TAOISEACH ENDA Kenny has described as “outrageous” remarks by an obstetrician about shortages in midwifery services in the mid-west.
Dr Gerry Burke, a consultant obstetrician at the Mid-Western Regional Maternity Hospital in Limerick and chairman of the Labour Party in Limerick, had warned that mothers and their new babies could die because of the number of midwives due to retire by the end of February.
Fianna Fáil Limerick TD Willie O’Dea called on the Taoiseach to give an assurance that the HSE and Department of Health had a contingency plan to deal with the staff crisis in the hospital’s maternity services, where 47 of the hospital’s 200 midwives would leave through early retirement.
Dr Burke had said the HSE and the Department of Health had no plans to deal with the shortfall.
Mr Kenny said Dr Burke’s comments were outrageous and “beyond the norm for a medical person of his stature to equate the process of staff legitimately leaving the health service under the programme with an attack – in the context of paying back money to German banks – on babies and pregnant mothers”.
He told Mr O’Dea he “can take it that the HSE has a contingency plan”.
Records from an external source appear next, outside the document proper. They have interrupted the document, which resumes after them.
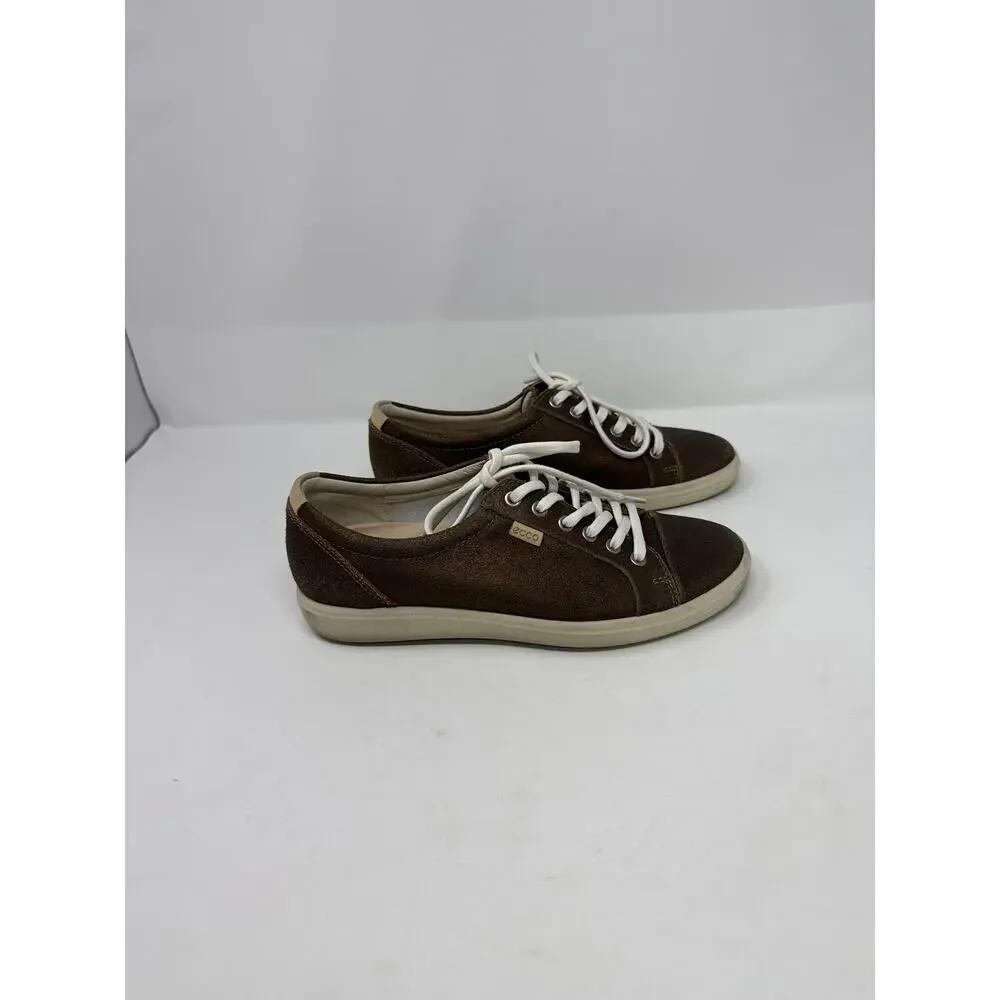 ECCO Leather Sneaker Size 9 Dark Gold Sparkle  (A4)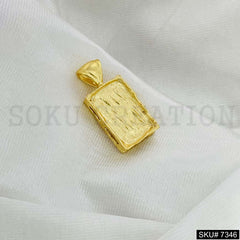Gold Plated Texture Design of Pendant Necklace Earring and Ring SKU7346
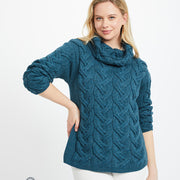 Women's Supersoft Merino Wool Chunky Cable Sweater by Aran Mills - 5 Colours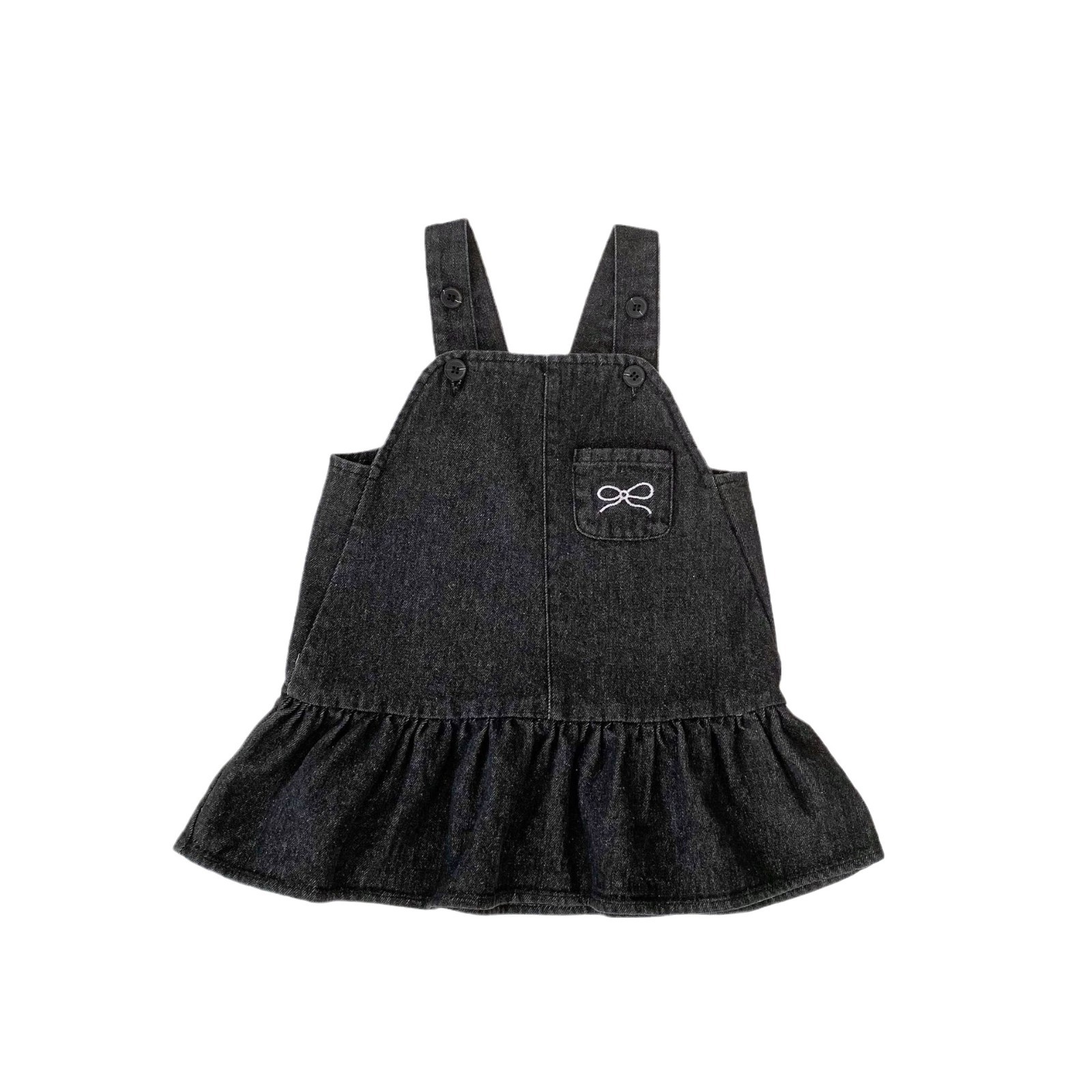 Picture of 2025 Spring Girls Denim dress New All-match Bow Strap Denim Skirt Lapel Base Two-piece Set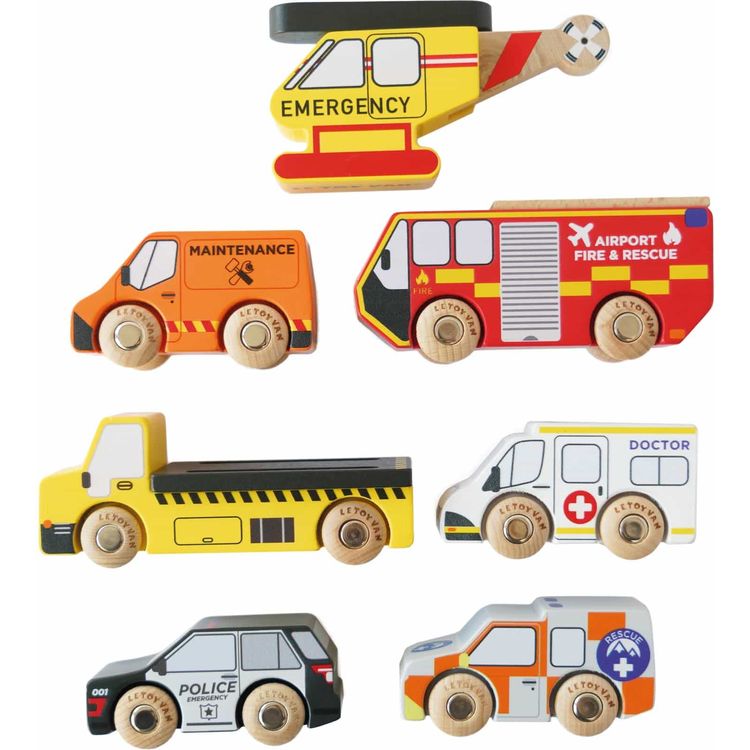 Wooden Set of 7 Emergency Vehicles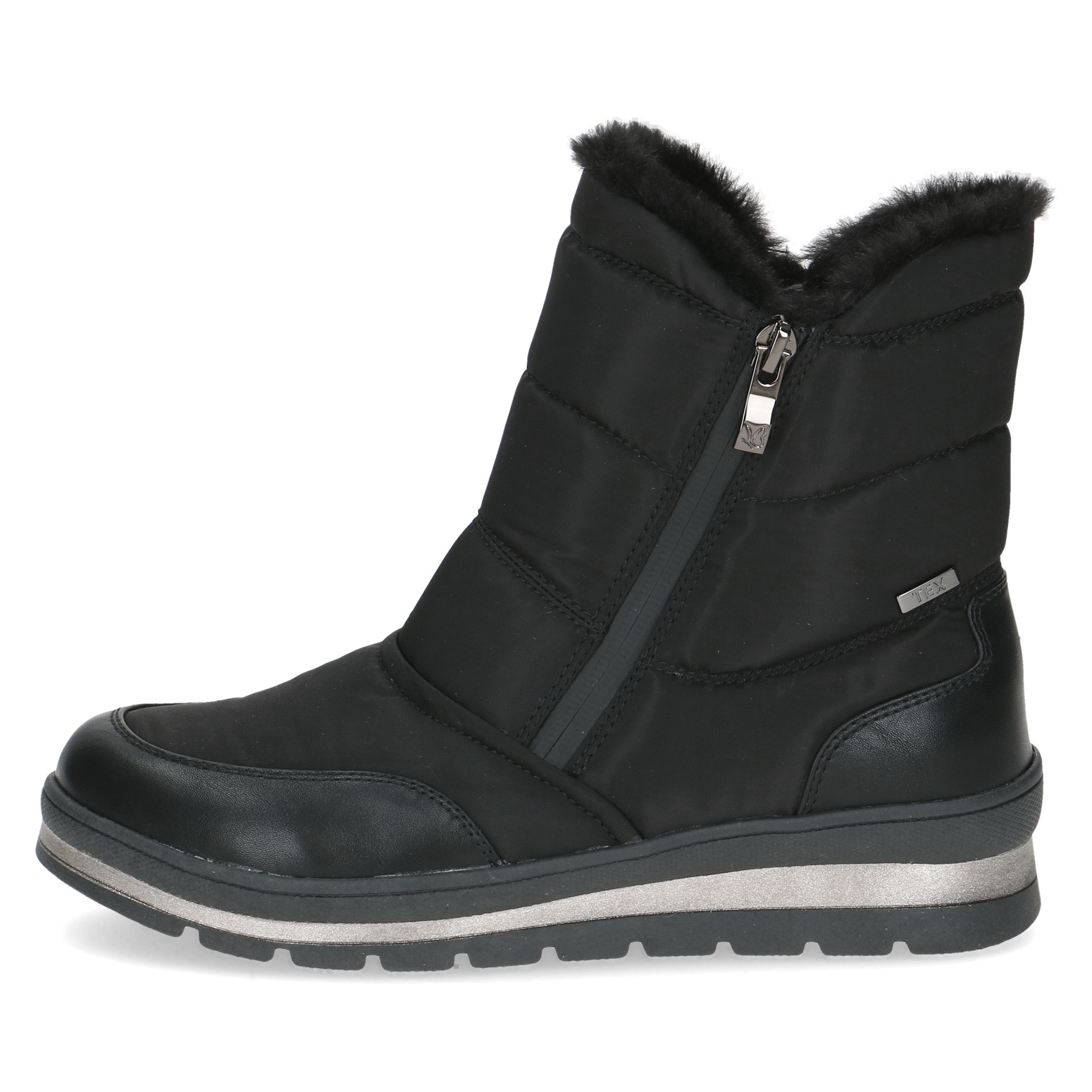 Caprice 1100000002199  , Keilabsatz, Outdoorboots, Stiefelette mit zwei Reissverschlüssen
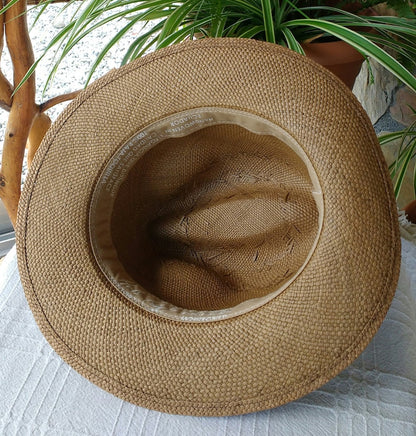 Genuine Ecuadorian Coffee Brown Coloured  Panama Hat  Handwoven Toquilla Palm Hat Unique Hat Authentic Fedora Hat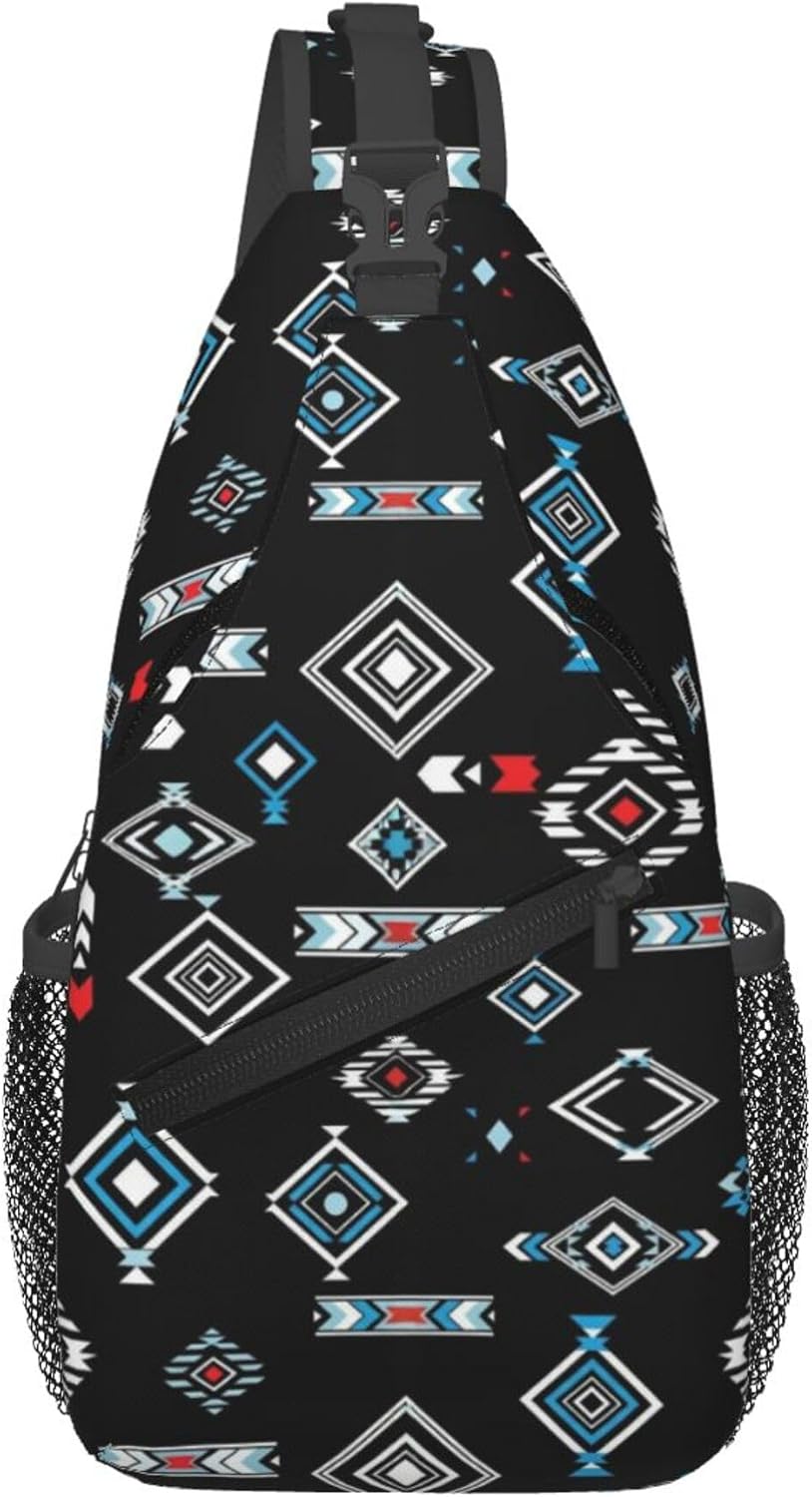 Men Women Sling Shoulder Backpack Casual Carrying Tote Case Crossbody Travel Bag, Anti-Theft Multipurpose Carry On Bag, Aztec Black Grey And White Crossbody Bag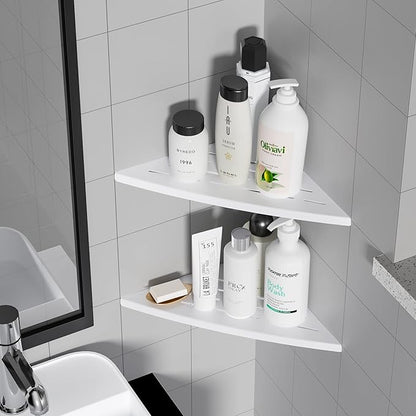 Corner Shower Shelf Matte White, 304 Stainless Steel 11.5” Recessed Corner Shelf Bathroom for Tiled Wall, Floating Shower Shelves Shampoo Holder, No Drilling, 2 Pack
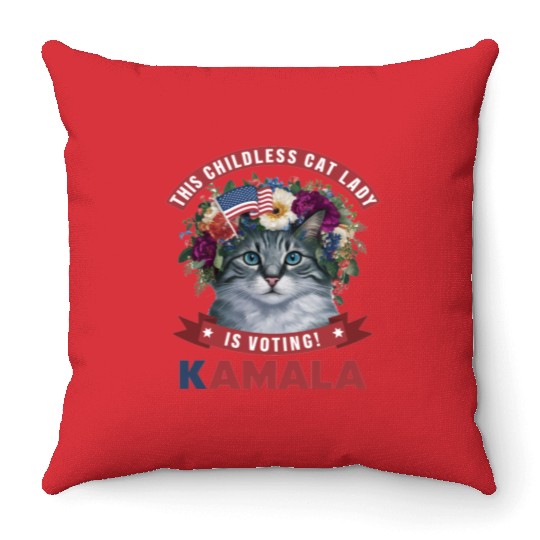 Childless Cat Lady is voting kamala Throw Pillows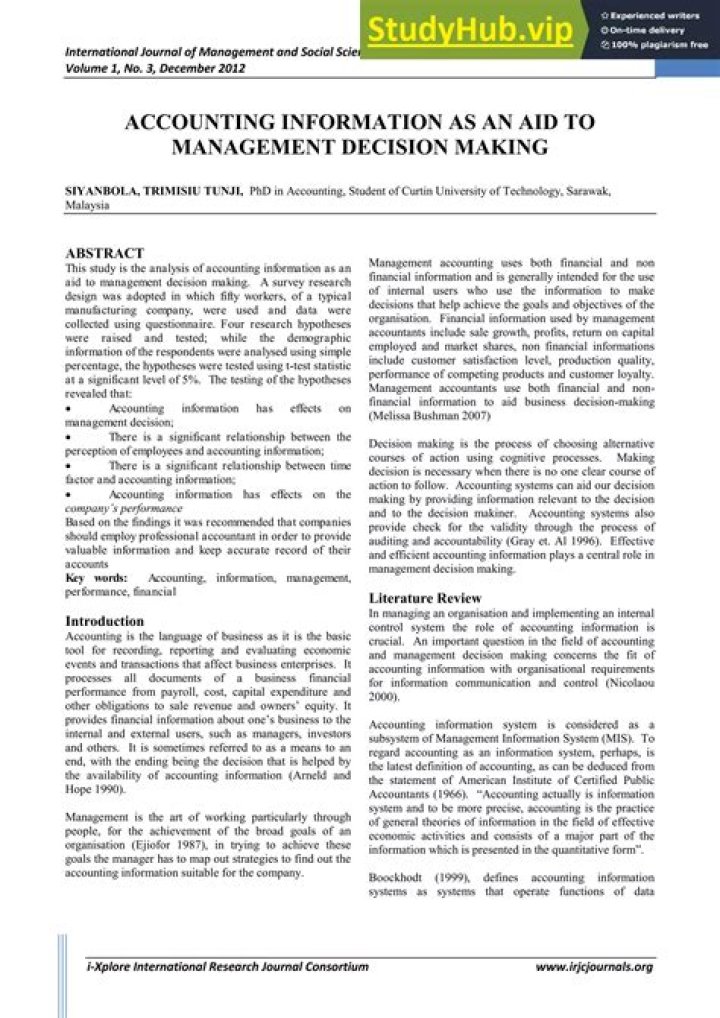 Is accounting regarded as an aid to management give reasons?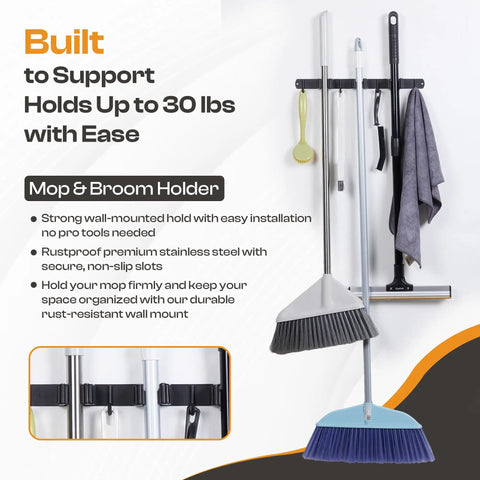 Heavy Duty Stainless Steel Broom Holder Wall Mount With 3 Racks And 4 Hooks holding brooms, mops, and cleaning tools in use.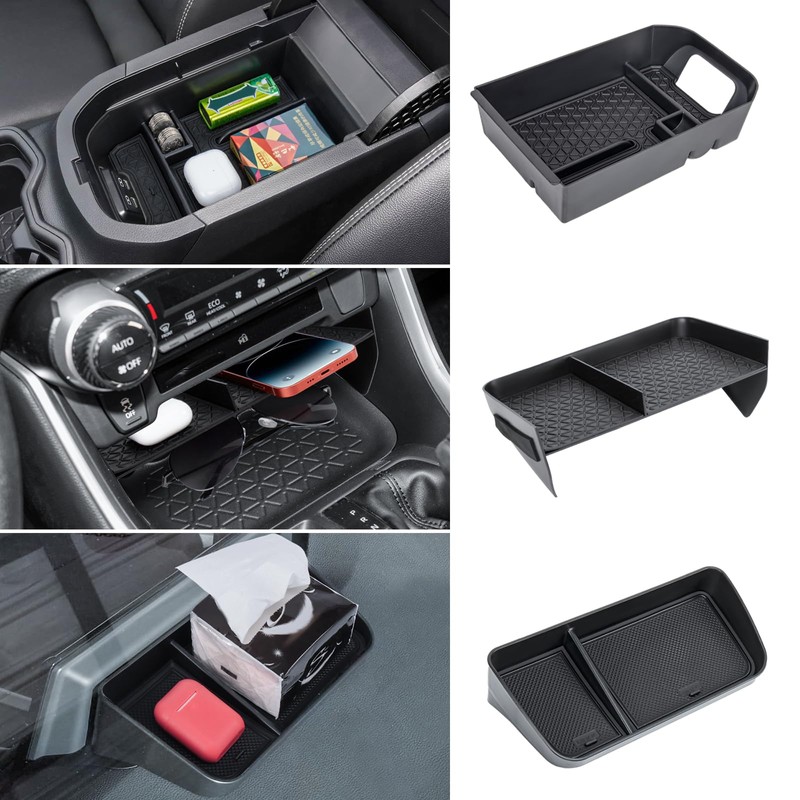 Neepiar 3PCS Center Console Organizer Tray and Armrest Storage Box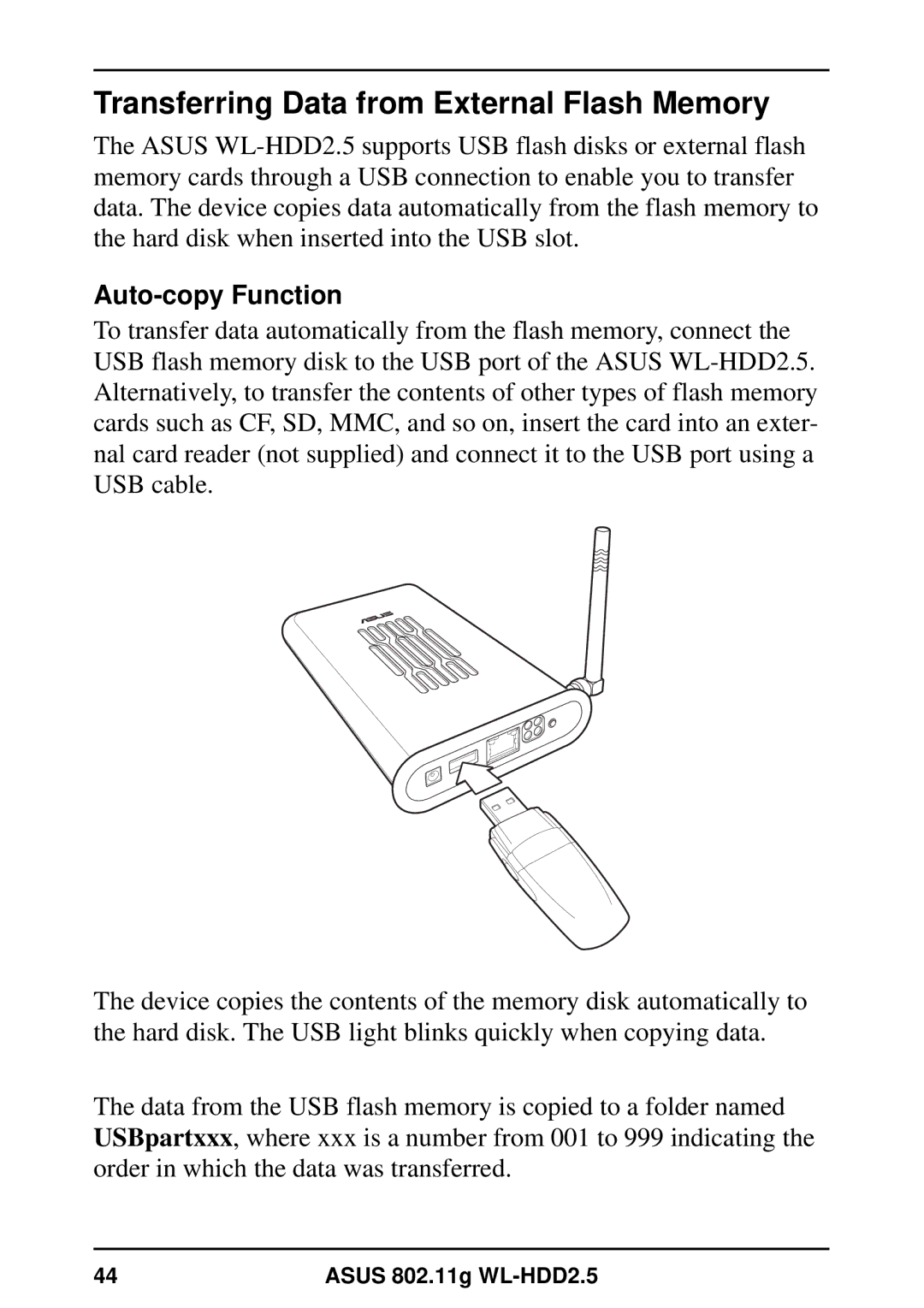 Asus WL-HDD2.5 user manual Transferring Data from External Flash Memory, Auto-copy Function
But “it is not possible to determine the outcomes until we know the numbers of those who intend to leave” as staff could decide to leave right up to the deadline.Once the numbers leaving were known, the HSE’s and department’s plans “will come into play”.
When Mr O’Dea said Dr Burke was chairman of the Labour Party in Limerick, he was ruled out of order for referring to the politics of someone outside the House.